Toch wel een van de mooiere gebeurtenissen dit jaar in Nederland Muziekland: de terugkeer van Alamo Race Track. Met dank ook aan Winschoten en omstreken - maar daarover straks meer.

In januari konden we in Groningen al even van de comeback voorproeven op het ESNS-feestje van platenlabel Excelsior. De Amsterdamse band rond Ralph Mulder mocht de zonnige koude zaterdagmiddag in de pindakaasmachinefabriek aan de Oosterhamrikkade afsluiten. In een verfrissend nieuwe samenstelling met gitarist Robin Berlijn (speelt tegenwoordig ook bij Johan), drumster Nienke Overmars en bassist David Corel (die al eerder in de band speelde).

En er gingen golfjes van euforie door de ruimte, dacht ik te merken. Maar misschien gingen die alleen door mijn eigen lijf. Ik zag wel veel lachende gezichten en deinende hoofden, ook bij de nieuwe nummers. Door die melodieën die zich direct in hoofd en lijf nestelden.

Fijn was ook de belofte van Alamo Race Track dat het een nieuwe plaat ging uitbrengen. We moesten nog wel even geduld hebben.

Dit voorjaar was er eerst nog een korte tour vanwege de heruitgave van het succesalbum Black Cat John Brown (uit 2006). Verschillende liedjes van deze plaat komen nog geregeld voorbij op mijn geliefde zender Fip.fr. Dat is heel mooi, maar ik zou ze daar bij France Inter Paris wel willen toeschreeuwen: “alo alo…Alamo Race Track heeft weer een plaat gemaakt! Greetings from Tear Valley and the Diamond Ae. En die is minstens zo goed.” Misschien zelfs beter.

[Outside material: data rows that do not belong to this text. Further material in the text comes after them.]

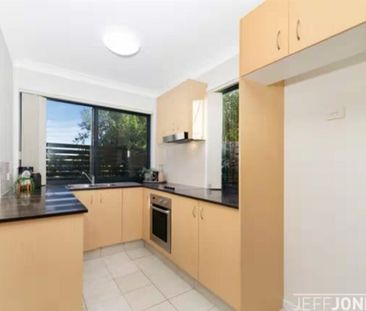 Greenslopes - Photo 2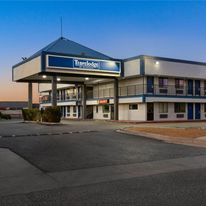 Travelodge by Wyndham Albuquerque West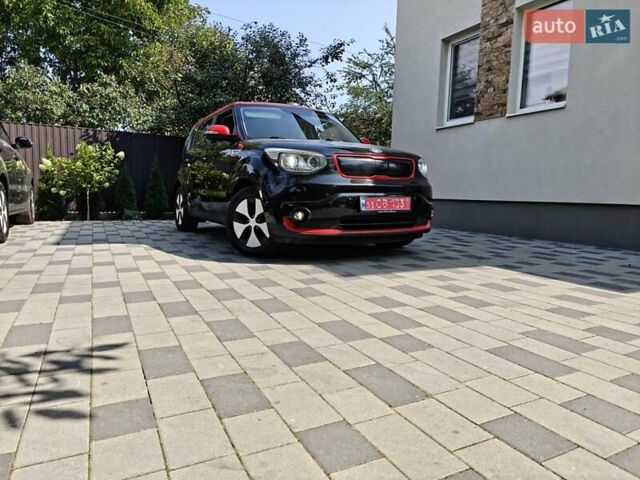 Черный Киа Soul EV, объемом двигателя 0 л и пробегом 162 тыс. км за 6499 $, фото 4 на Automoto.ua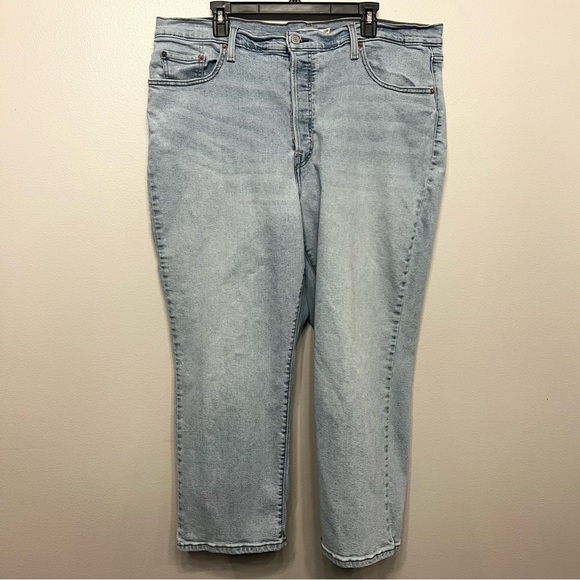 Levi's Denim - Levi's Women's Ribcage Straight Leg Jeans in Light Wash Blue Size 22W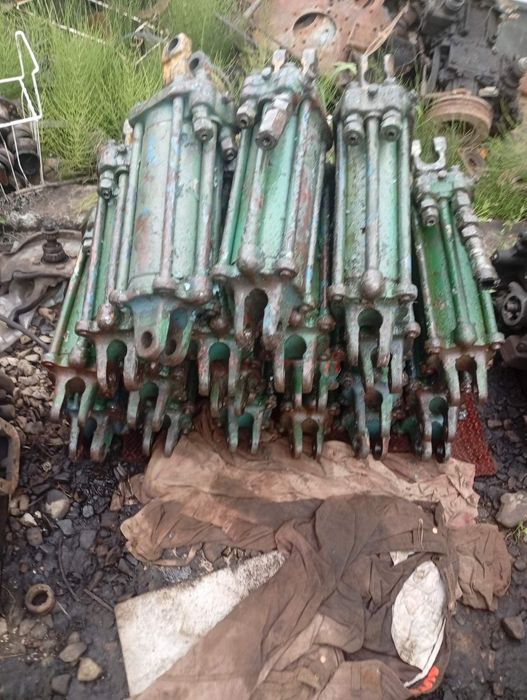 Циліндр навіски мтз юмз та ін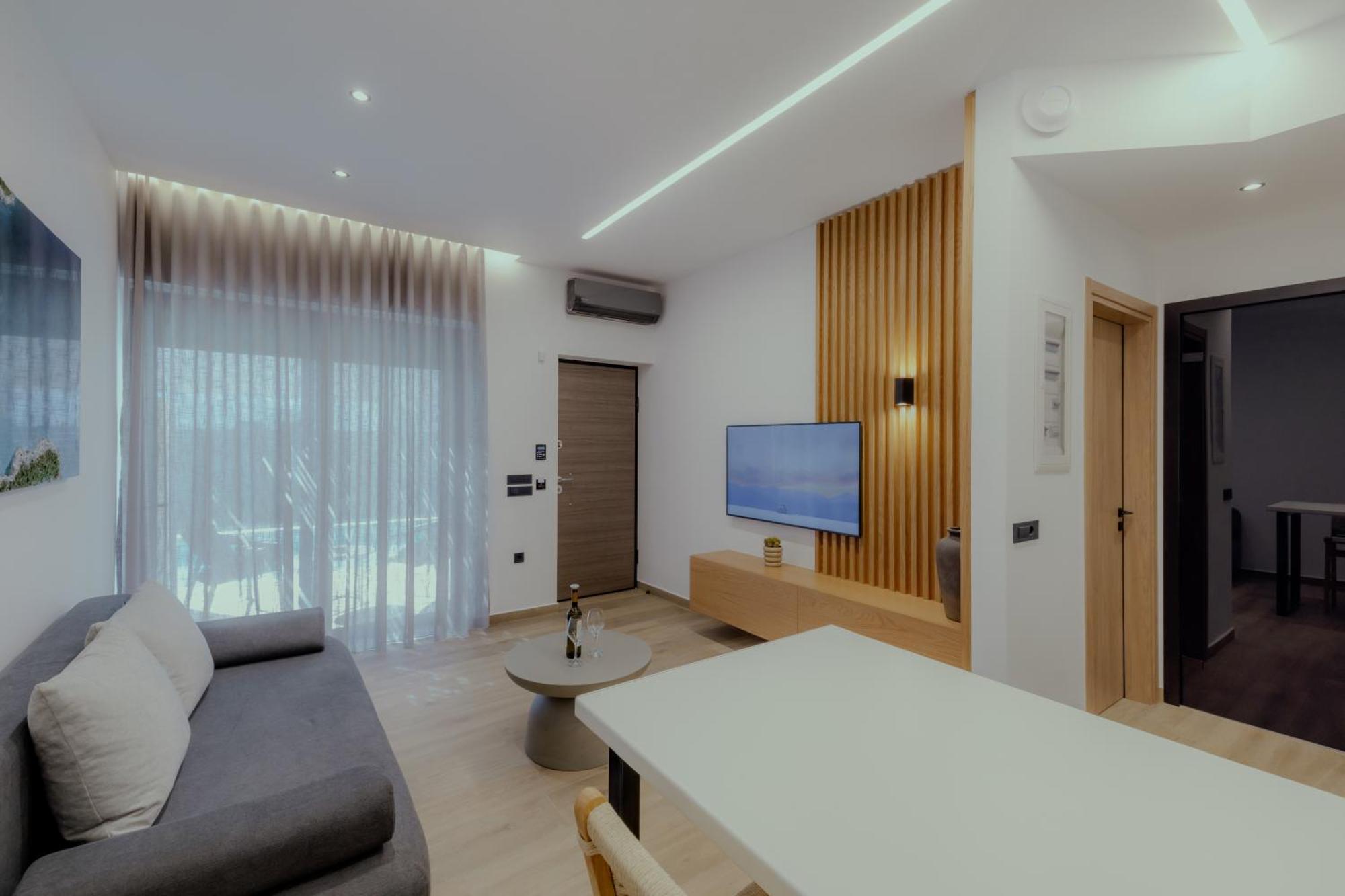Niama Luxury Apartments نافبليو المظهر الخارجي الصورة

“Nothing ever changes,” zingt Mulder. En dat zou je kunnen zeggen over de nieuwe muziek van de band. In die zin dat Alamo Race track nog steeds uitblinkt in rudimentaire, meeslepende en vertellende songs. Met die stem van Mulder gedrenkt in melancholie. Al zijn er ook genoeg momenten dat je als luisteraar wordt opgetild door mooie samenzang. Zoals in openingstrack Sally H., een van de beste beatlesque liedjes die na 1970 is gemaakt. Of meteen daarna met het catchy Got to get home, met fraaie gitaarlijnen die om elkaar heen kronkelen en een refrein dat je al bij eerste beluistering mee jubelt.

Eigenlijk, bedacht ik me, is Alamo Race Track de laatste typische Excelsior-band, dat wil zeggen: maker van melodieuze gitaarsongs en samenzang die soms ook doet denken aan Daryll-Ann. Maar dat is slechts een deel van het verhaal en van de luisterervaring van drie kwartier.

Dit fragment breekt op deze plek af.